Single by Kid Ink featuring Usher and Tinashe

from the album Full Speed
- Released: September 9, 2014
- Recorded: 2014
- Genre: Hip hop; R&B;
- Length: 3:28
- Label: Tha Alumni Music Group; 88 Classic; RCA;
- Songwriters: Brian Collins; Ryon Lovett; Tinashe Kachingwe; Magnus Høiberg; Mikkel S. Eriksen; Tor Erik Hermansen;
- Producers: Cashmere Cat; Stargate;

Kid Ink singles chronology
| "Delirious (Boneless)" (2014) | "Body Language" (2014) | "Hotel" (2015) |

Usher singles chronology
| "She Came to Give It to You" (2014) | "Body Language" (2014) | "I Don't Mind" (2014) |

Tinashe singles chronology
| "Pretend" (2014) | "Body Language" (2014) | "Drop That Kitty" (2015) |

Music video
- "Body Language" on YouTube

= Body Language (Kid Ink song) =

"Body Language" is a song by American hip hop recording artist Kid Ink.

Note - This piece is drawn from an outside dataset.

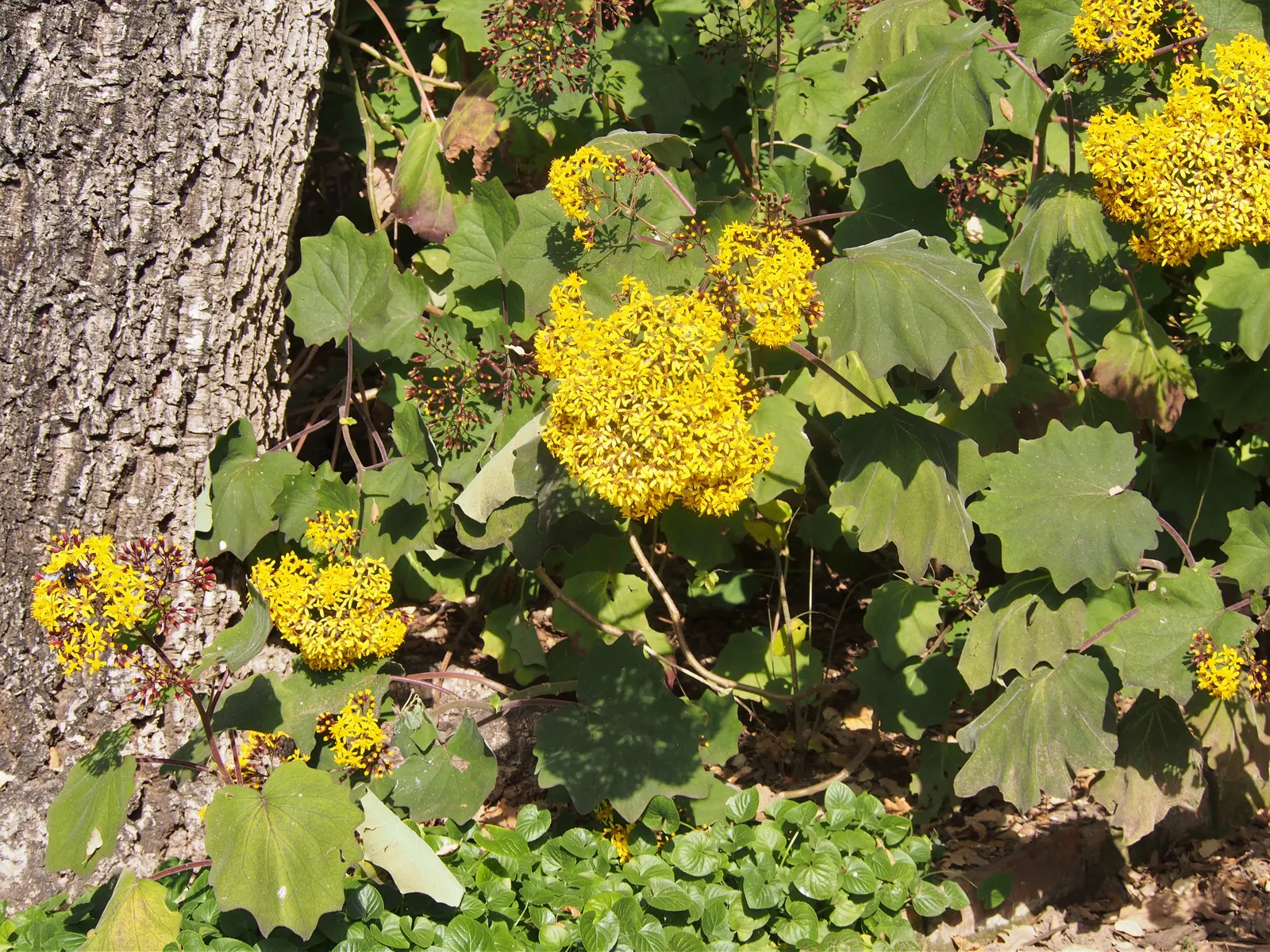 Velvet Groundsel (Roldana Petasitis) — heart-shaped leaves that span up to 10 inches across; roldana petasitis is an excellent choice to meet those, image 68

The song was released on September 9, 2014 by Tha Alumni Music Group, 88 Classic and RCA Records, as the lead single from his third studio album Full Speed (2015).

The song, produced by Cashmere Cat and melody created by Stargate, features a guest appearances from RCA Records label cohorts, singers Usher and Tinashe.

==Music video==
The accompanying music video for the track was directed by Darren Craig and filmed in Atlanta, Georgia. It was released on October 27, 2014.

==Charts==

| Chart (2014–2015) | Peak position |
|---|---|
| Belgium (Ultratip Bubbling Under Flanders) | 28 |
| Belgium Urban (Ultratop Flanders) | 16 |
| Belgium (Ultratip Bubbling Under Wallonia) | 12 |
| France (SNEP) | 104 |
| Germany (GfK) | 54 |
| Scotland Singles (OCC) | 45 |
| UK Singles (OCC) | 46 |
| US Billboard Hot 100 | 72 |
| US Hot R&B/Hip-Hop Songs (Billboard) | 21 |
| US R&B/Hip-Hop Airplay (Billboard) | 26 |
| US Rhythmic Airplay (Billboard) | 6 |

==Certifications==

| Region | Certification | Certified units/sales |
| Australia (ARIA) | Gold | 35,000^{‡} |
| Canada (Music Canada) | Gold | 40,000^{‡} |
| New Zealand (RMNZ) | Platinum | 30,000^{‡} |
| United Kingdom (BPI) | Silver | 200,000^{‡} |
| United States (RIAA) | Platinum | 1,000,000^{‡} |
^{‡} Sales+streaming figures based on certification alone.